--- RECORDS FOR THE TASK Enclosed Below ---

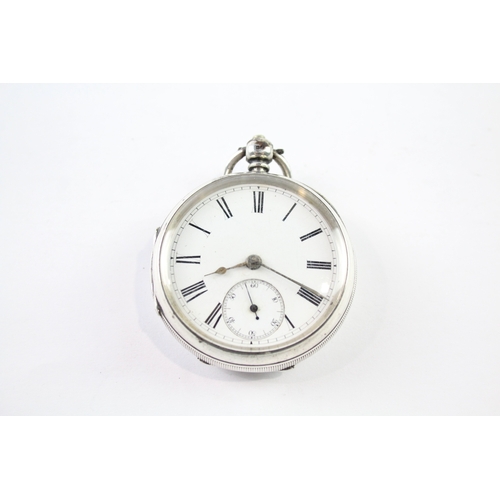 460 - Antique 925 Silver Open Face Fusee Pocket Watch Key-Wind WATCH RUNS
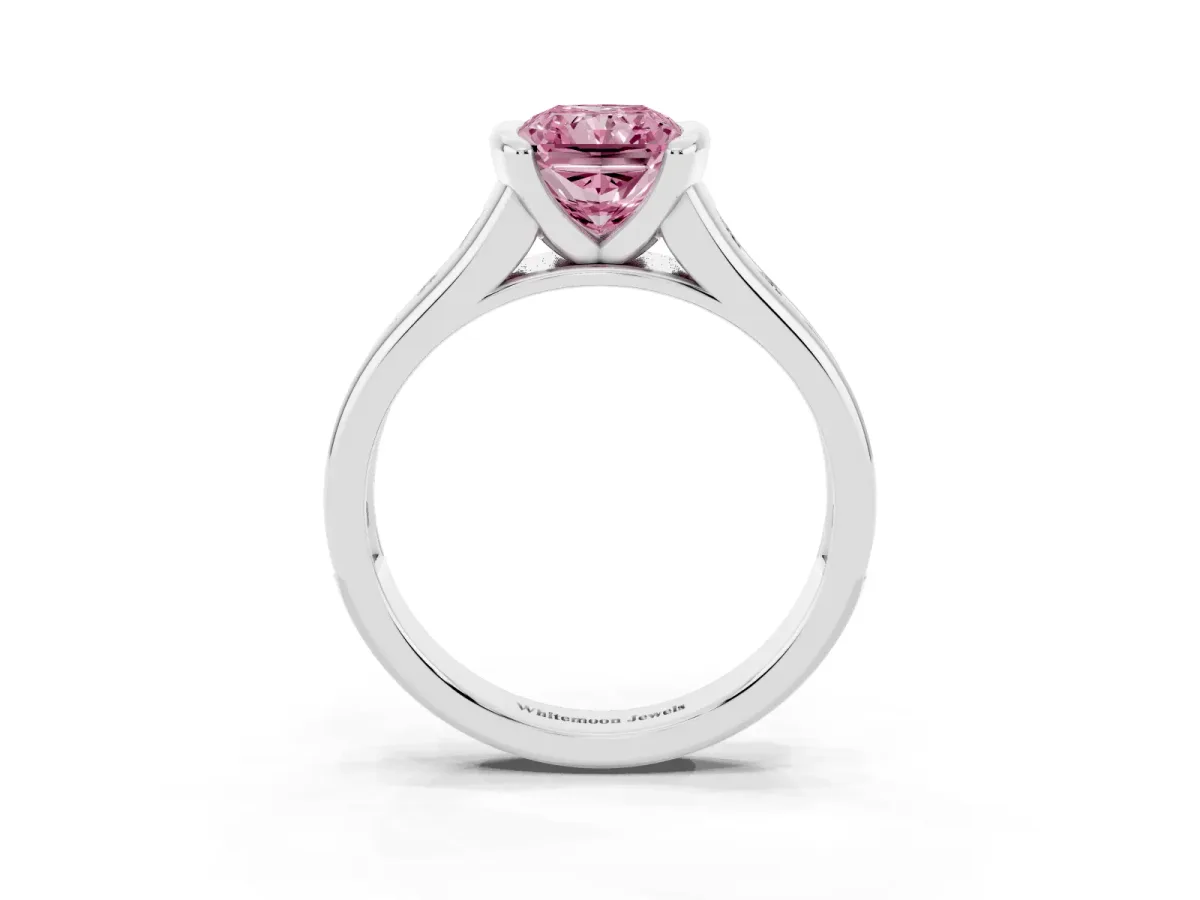 Fancy Pink Radiant Cut Solitaire Bezel-Set Diamond Ring with Channel-Set Band Silver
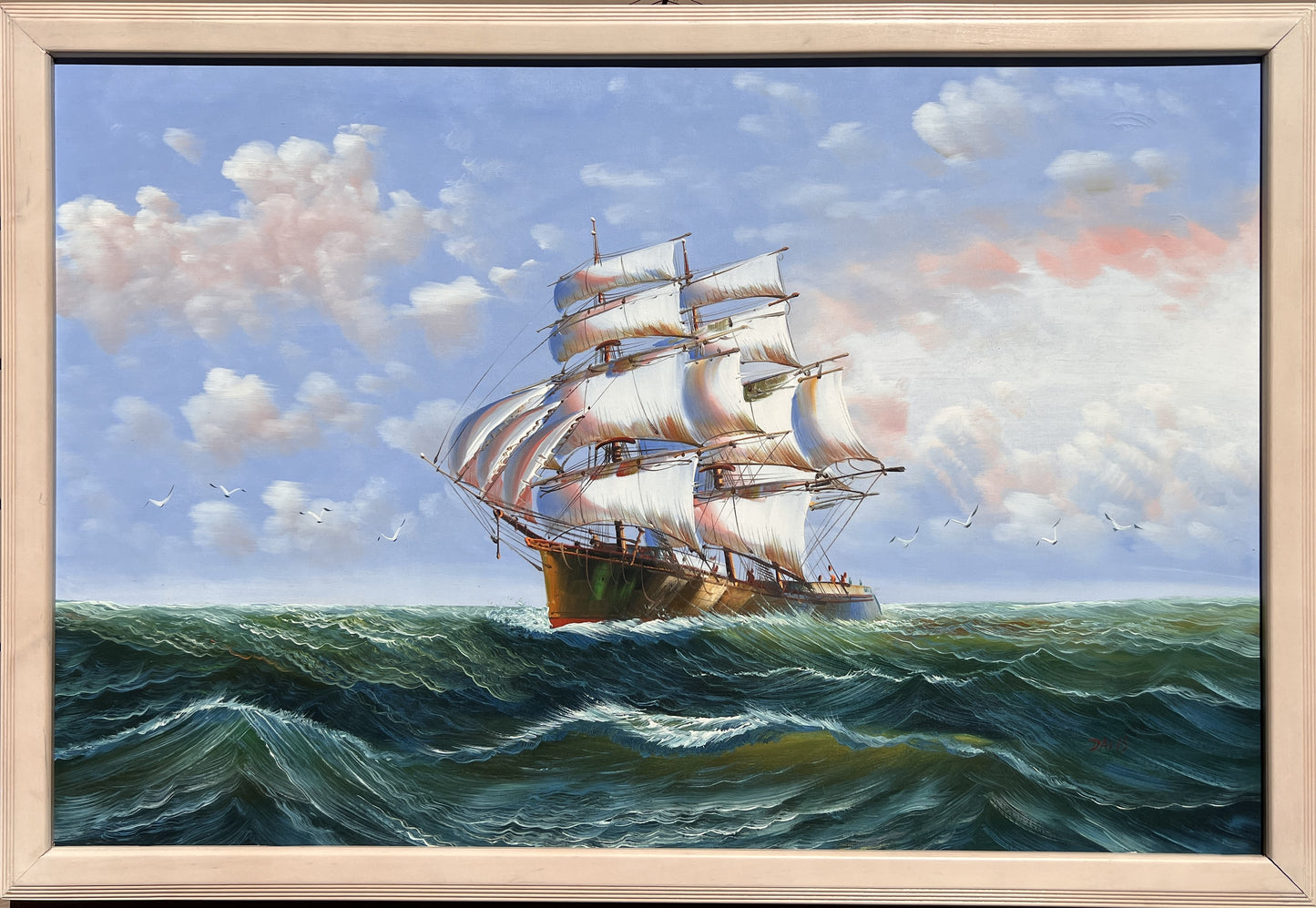 Davis Large Oil painting on canvas, Seascape, Sailing Ship in the ocean, Framed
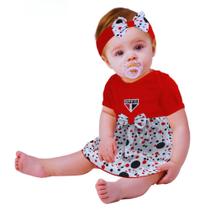 Body Vestido São Paulo Bolinhas Com e Tiara Oficial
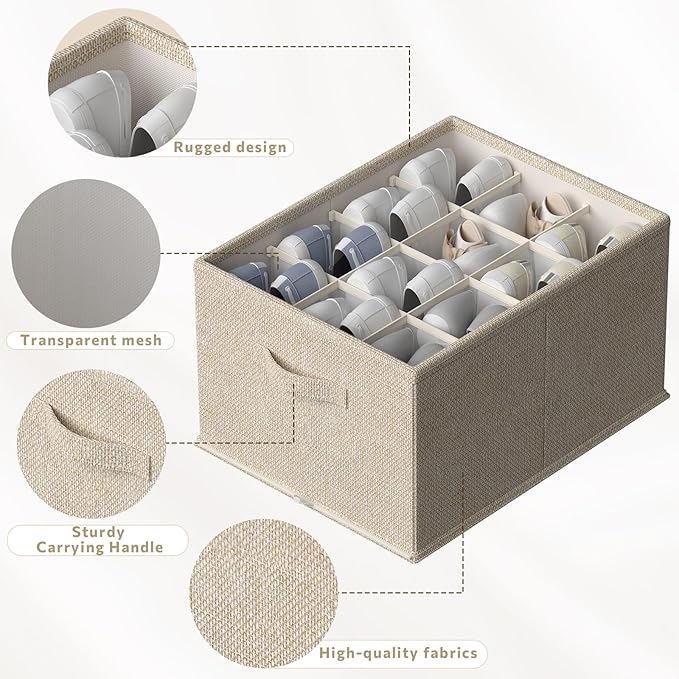 2 Pack Shoe Organizer for Closet,Foldable Shoe Organizer,Fits up to 24 Pairs,Storage Containers With Bottom Support for Shoes-NeatNest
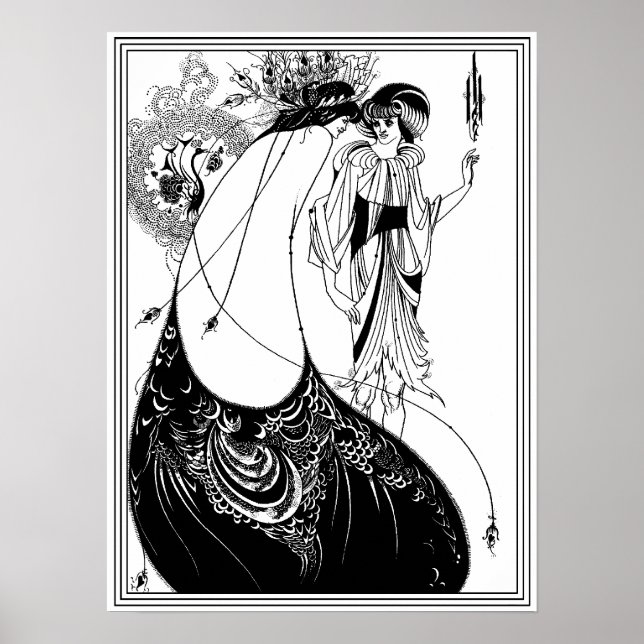 Affiches Aubrey Beardsley - La jupe Peacock (Devant)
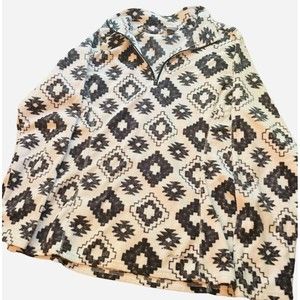 Eddie Bauer Black White Aztec Tribal Fleece Pullover Women’s Size L Large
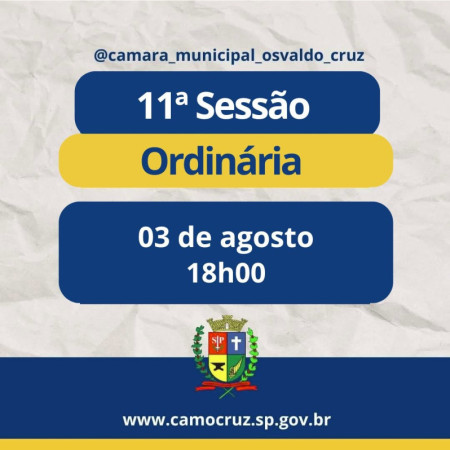 CÃ¢mara Municipal de Osvaldo Cruz prepara retorno das SessÃµes OrdinÃ¡rias 
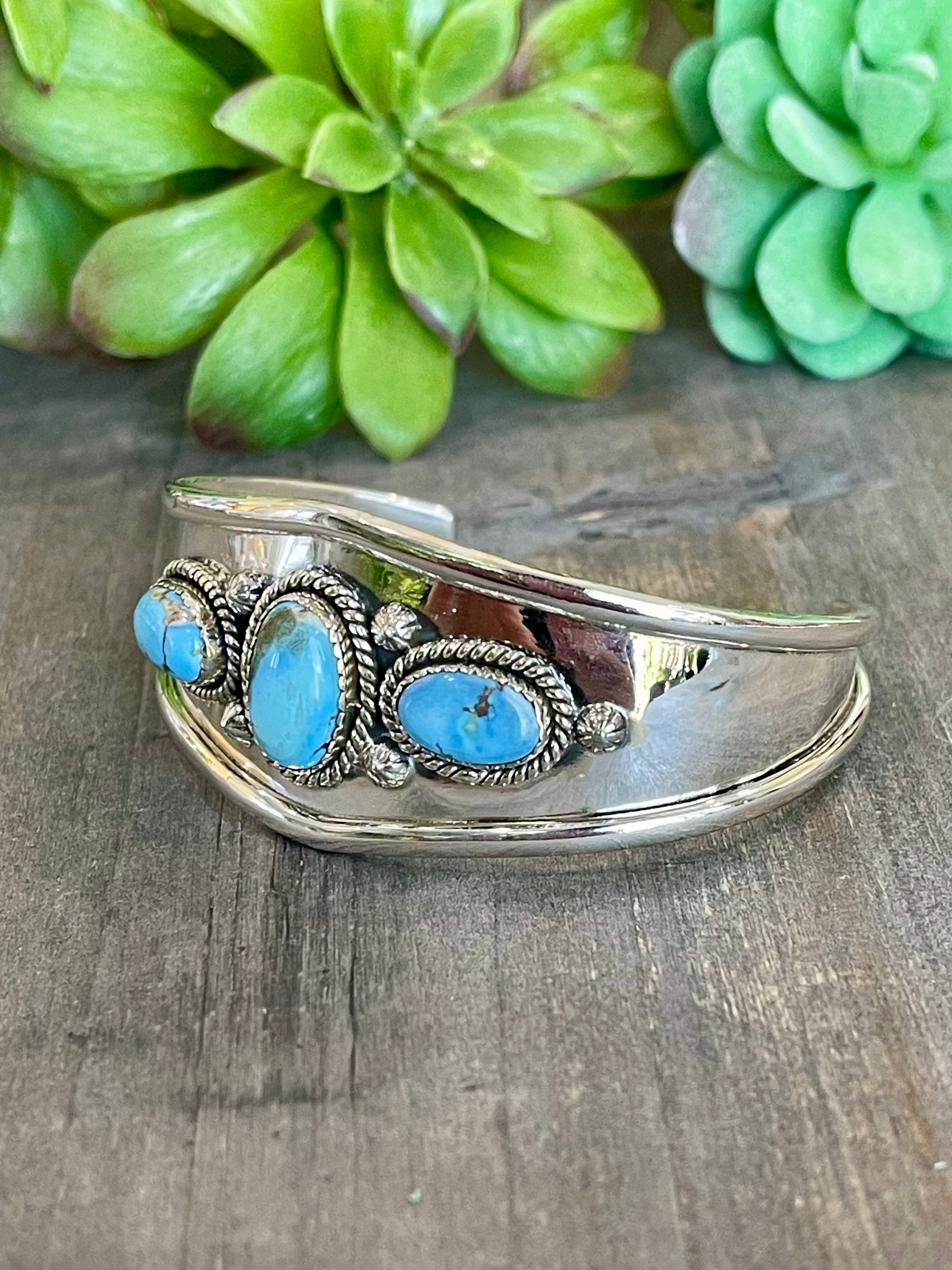 Southwest Handmade Golden Hills Turquoise & Sterling Silver Cuff Bracelet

--- End of Enclosed RECORDS FOR THE TASK ---

Your copy should hold exactly the lines from the one that contains "Affiches Aubrey Beardsley" through the final line of the data, both ends included, and no pictures.

 Affiches Aubrey Beardsley - La jupe Peacock (Devant)
 Eddie Bauer Black White Aztec Tribal Fleece Pullover Women’s Size L Large
 CÃ¢mara Municipal de Osvaldo Cruz prepara retorno das SessÃµes OrdinÃ¡rias 
 Southwest Handmade Golden Hills Turquoise & Sterling Silver Cuff Bracelet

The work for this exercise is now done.